Davantage de départs d'immigrants

Que se passe-t-il au Canada ? La « terre historique d'immigration » voit de plus en plus d'immigrants quitter le territoire. C'est ce que révèle une étude menée par l'Institut pour la citoyenneté canadienne (Institute for Canadian Citizenship) et Conference Board du Canada. Publiée en octobre 2023, l'étude révèle une tendance forte depuis la fin des années 80, qui s'est accélérée ces dernières années.

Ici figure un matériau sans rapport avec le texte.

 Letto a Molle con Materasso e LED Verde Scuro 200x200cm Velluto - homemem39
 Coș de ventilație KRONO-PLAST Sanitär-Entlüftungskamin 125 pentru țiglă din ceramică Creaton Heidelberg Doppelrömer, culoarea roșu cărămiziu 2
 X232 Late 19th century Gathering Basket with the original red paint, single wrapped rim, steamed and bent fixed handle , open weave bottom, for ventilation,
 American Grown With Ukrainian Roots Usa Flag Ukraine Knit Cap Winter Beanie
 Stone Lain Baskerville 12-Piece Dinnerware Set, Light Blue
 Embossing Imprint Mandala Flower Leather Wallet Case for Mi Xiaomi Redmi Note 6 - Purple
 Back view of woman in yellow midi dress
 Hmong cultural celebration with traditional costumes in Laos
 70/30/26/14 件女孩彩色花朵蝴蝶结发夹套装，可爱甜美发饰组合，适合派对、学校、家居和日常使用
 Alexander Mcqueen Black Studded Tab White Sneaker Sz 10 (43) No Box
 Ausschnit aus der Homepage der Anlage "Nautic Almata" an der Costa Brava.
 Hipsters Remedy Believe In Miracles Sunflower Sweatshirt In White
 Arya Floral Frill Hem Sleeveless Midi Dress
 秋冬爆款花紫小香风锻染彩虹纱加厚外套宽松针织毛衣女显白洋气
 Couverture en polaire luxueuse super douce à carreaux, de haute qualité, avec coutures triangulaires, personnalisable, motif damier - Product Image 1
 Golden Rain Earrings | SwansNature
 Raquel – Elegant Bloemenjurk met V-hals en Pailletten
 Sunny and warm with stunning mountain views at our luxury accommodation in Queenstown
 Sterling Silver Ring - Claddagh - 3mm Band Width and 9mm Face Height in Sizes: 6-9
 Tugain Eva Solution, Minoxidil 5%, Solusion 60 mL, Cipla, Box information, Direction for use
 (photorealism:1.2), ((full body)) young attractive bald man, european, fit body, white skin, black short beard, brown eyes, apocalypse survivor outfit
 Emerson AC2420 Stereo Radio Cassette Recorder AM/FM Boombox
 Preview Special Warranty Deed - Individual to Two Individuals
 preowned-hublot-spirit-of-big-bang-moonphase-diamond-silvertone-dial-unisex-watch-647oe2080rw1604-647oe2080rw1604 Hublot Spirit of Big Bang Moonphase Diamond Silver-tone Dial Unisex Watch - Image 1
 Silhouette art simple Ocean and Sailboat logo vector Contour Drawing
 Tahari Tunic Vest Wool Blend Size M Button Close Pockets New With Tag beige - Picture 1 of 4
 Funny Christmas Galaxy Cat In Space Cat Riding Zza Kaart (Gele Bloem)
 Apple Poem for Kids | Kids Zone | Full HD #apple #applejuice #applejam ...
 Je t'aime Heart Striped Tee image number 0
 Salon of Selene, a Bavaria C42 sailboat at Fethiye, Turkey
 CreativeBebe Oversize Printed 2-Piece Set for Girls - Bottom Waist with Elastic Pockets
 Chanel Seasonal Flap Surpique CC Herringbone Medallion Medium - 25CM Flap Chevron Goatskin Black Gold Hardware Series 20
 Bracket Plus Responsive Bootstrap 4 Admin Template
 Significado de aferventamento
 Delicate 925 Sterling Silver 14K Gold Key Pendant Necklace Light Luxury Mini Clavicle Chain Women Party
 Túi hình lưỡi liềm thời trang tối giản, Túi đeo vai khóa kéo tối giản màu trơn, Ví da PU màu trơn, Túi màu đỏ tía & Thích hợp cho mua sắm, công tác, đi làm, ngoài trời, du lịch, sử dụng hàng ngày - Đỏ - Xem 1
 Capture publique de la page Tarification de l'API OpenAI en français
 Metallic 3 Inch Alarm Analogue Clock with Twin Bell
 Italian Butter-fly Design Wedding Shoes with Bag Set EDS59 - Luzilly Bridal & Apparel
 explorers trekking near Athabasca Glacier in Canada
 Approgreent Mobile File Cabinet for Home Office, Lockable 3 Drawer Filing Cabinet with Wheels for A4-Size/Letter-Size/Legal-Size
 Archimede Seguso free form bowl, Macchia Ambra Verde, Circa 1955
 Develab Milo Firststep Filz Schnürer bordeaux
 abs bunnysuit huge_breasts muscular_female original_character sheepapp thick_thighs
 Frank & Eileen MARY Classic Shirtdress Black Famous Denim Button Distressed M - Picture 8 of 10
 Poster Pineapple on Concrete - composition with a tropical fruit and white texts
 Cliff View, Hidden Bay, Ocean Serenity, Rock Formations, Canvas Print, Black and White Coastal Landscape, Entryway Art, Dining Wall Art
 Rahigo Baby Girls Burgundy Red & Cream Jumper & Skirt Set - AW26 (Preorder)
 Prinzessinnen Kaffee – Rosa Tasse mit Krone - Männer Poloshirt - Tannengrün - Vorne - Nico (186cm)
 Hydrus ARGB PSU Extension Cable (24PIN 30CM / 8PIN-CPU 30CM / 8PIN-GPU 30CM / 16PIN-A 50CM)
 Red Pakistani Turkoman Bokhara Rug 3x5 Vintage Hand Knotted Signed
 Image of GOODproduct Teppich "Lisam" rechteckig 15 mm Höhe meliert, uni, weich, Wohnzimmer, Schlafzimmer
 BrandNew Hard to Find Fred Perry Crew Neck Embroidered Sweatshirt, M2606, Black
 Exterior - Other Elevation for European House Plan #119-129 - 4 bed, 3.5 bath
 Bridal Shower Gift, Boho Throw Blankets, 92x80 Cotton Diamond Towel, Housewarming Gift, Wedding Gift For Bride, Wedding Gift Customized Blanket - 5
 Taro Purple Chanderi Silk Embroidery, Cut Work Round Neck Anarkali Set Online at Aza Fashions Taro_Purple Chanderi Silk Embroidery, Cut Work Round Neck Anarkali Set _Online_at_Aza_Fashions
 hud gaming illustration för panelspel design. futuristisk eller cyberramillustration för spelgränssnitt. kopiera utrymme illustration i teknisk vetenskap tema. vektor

D'après l'étude, chaque année, 0,9 % des immigrants titulaires d'un permis de résidence permanente en 1982 ou après cette date quitte le Canada. Le chiffre peut sembler infime, au regard du nombre d'arrivants, mais démontre une tendance qui se confirme avec le temps. Le risque d'une « reprise de la migration », et donc, d'un départ du Canada, est, selon les conclusions de l'étude, « particulièrement élevé » entre la 4e et la 7e année après l'arrivée au Canada.

Contrairement aux idées reçues, les immigrants ne prennent pas forcément un aller simple pour s'établir définitivement au Canada. S'ils arrivent nombreux, ils sont aussi plus nombreux à partir. De 18 % à la fin des années 80, ils étaient 21 % dans la première moitié des années 90 à quitter le pays. L'étude observe même deux pics de départs : entre 2016 et 2017, le nombre d'immigrants quittant le Canada augmente de 43 %, passant de 0,8 % en 2016 à 1,15 % en 2017. Nouveau pic en 2019, avec + 1,18 % de départs soit + 31 % de hausse comparativement à la moyenne historique de 0,9 % de départs.

Un phénomène qui dure

Le phénomène n'est donc pas nouveau, mais s'inscrit dans la durée. La tendance inquiète, surtout parce qu'elle touche particulièrement les résidents permanents, présents sur le territoire depuis 10 ans, 15 ans ou plus. L'étude montre qu'en moyenne, 14,6 % des étrangers quittent le Canada dans les 15 ans après l'obtention de leur permis de résidence permanente. Les départs sont moins nombreux chez les étrangers arrivés au milieu des années 80. En revanche, ils s'accélèrent chez ceux arrivés à la fin des années 90, et bondissent chez ceux arrivés dans les années 2000.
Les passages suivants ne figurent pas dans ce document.